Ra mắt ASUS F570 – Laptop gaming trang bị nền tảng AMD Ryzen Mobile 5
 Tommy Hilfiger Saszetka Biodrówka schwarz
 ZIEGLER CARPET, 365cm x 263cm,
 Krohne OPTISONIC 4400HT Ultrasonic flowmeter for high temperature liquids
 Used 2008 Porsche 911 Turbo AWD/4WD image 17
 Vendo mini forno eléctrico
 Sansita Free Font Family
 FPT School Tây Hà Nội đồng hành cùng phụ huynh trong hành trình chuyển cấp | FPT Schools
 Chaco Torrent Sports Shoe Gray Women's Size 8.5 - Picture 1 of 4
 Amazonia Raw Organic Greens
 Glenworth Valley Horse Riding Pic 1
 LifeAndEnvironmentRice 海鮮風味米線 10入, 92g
---*---
From the records above, reproduce exactly the lines from the one with "Tommy Hilfiger Saszetka Biodrówka schwarz" to the one with "Sansita Free Font Family", both included, and no others.

## EXPECTED ANSWER
 Tommy Hilfiger Saszetka Biodrówka schwarz
 ZIEGLER CARPET, 365cm x 263cm,
 Krohne OPTISONIC 4400HT Ultrasonic flowmeter for high temperature liquids
 Used 2008 Porsche 911 Turbo AWD/4WD image 17
 Vendo mini forno eléctrico
 Sansita Free Font Family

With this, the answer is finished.